Economic Release Highlights

  • 371mm jobs created in August beat expectations with unemployment rates falling to 8.4% (U3) and 14.2% (U6). However, the number of permanent job losses increased again, and we are only halfway back to the 152mm payroll figure registered pre-CoVid-19 back in February.
  • August ISM manufacturing index rose sharply and handily beat expectations (56.0a vs 54.5e). The ISM non-manufacturing of 56.9 and ISM composite of 56.8 were encouraging as well.
  • The final U.S. August PMI manufacturing read was revised downward slightly from 53.6 to 53.1. The global August manufacturing PMI increased 1.2pts to 51.8, a second straight month of expansion and fourth consecutive month of improvement.
  • July durable goods orders of 11.2% MoM crushed consensus of 4.3% and added to May and June’s recovery trajectory.  
  • After sinking sharply in July to 91.7, August’s consumer confidence reading declined further and fell far short of expectations (84.8 vs 93.0).

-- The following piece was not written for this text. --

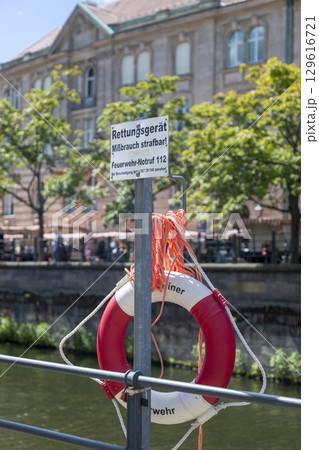 Berlin, Germany - July 01, 2018: Lifebuoy on the embankment of the Spree river in Berlin Berlin, Germany - July 01, 2018: Lifebuoy on the embankment of the Spree river in Berlin 129616721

UofM consumer sentiment came in slightly higher than expected at 74.1 vs a 72.8 forecast. 
  • August Housing Market Index (homebuilder sentiment) tied a record high reading of 78, easily surpassing expectations for a 74. Starts (1.496mm vs 1.24mm) and permits (1.495mm vs 1.32mm) blew the doors off. This was the best building permits number since January.
  • Existing home sales (5.86mm vs 5.4mm), new home sales (901k vs 774k), and pending home sales (5.9% vs 1.5%) all grew well in excess of consensus expectations.  Existing home sales increased 24.7% MoM while new home sales beat estimates for a third straight month.